Dopo che la Thames Ironworks divenne una società per azioni, nel 1900, la compagine sportiva aziendale, con lo stesso nome della fabbrica, si sciolse e gli operai fondarono una nuova squadra, con a capo il vecchio presidente dei cantieri, Arnold Hills, che era riuscito comunque a rimanere il maggior azionista avendo comprato un’azione per ognuna venduta al pubblico. La nuova squadra poté continuare ad usare il campo su cui giocava la Thames Ironworks (grazie ad un affitto agevolato) ed adottò il nome del sobborgo in riva al fiume su cui sorgeva sia la fabbrica che il suolo di gioco, West Ham, oggi parte del municipio londinese di Newham assieme all’adiacente East Ham.

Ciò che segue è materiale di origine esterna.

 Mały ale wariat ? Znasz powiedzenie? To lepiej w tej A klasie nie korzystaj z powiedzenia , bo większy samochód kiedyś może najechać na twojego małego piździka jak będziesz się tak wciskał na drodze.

Come abbiamo detto i martelli incrociati sono un retaggio delle profonde radici operaie, mentre, per quanto riguarda il castello, ci sono almeno tre ipotesi che ne giustificano l’apparizione. La prima e più accreditata lo identifica con un importante costruzione locale, Green Street House, popolarmente conosciuta come “Boleyn Castle” poiché associato alla famigerata Anna Bolena per cui Enrico VIII proclamò lo scisma anglicano; un’altra ipotesi è che il castello sia stato aggiunto come risultato del contributo fatto al club dai giocatori dell’Old Castle Swifts, mentre una terza ritiene che possa derivare dall’adozione (nel 1904) del Boylen Castle FC come riserve quando questi ultimi persero il loro campo da gioco.
È comunque importante sapere che il Boylen Ground sorge sugli ampi terreni della Green Street House, al tempo sede di una scuola cattolica, che ne abbatté i muri di cinta per aprire il proprio parco ai cittadini (1869) e poi di una casa di maternità (primi del ‘900) fino al totale abbattimento nel 1955.
Lo spostamento dal Boleyn Ground all’Olimpico sarà di 4 km verso ovest, il Castello sarà quindi abbandonato, in tutti i sensi, mentre i martelli continueranno a battere forte. Chissà, forse non c’era più bisogno di nobilitare le proprie origini dietro palazzi merlati, in fondo, gran parte di ciò che è stato fatto, è ormai storia.
Vediamola come una nuova rivoluzione industriale.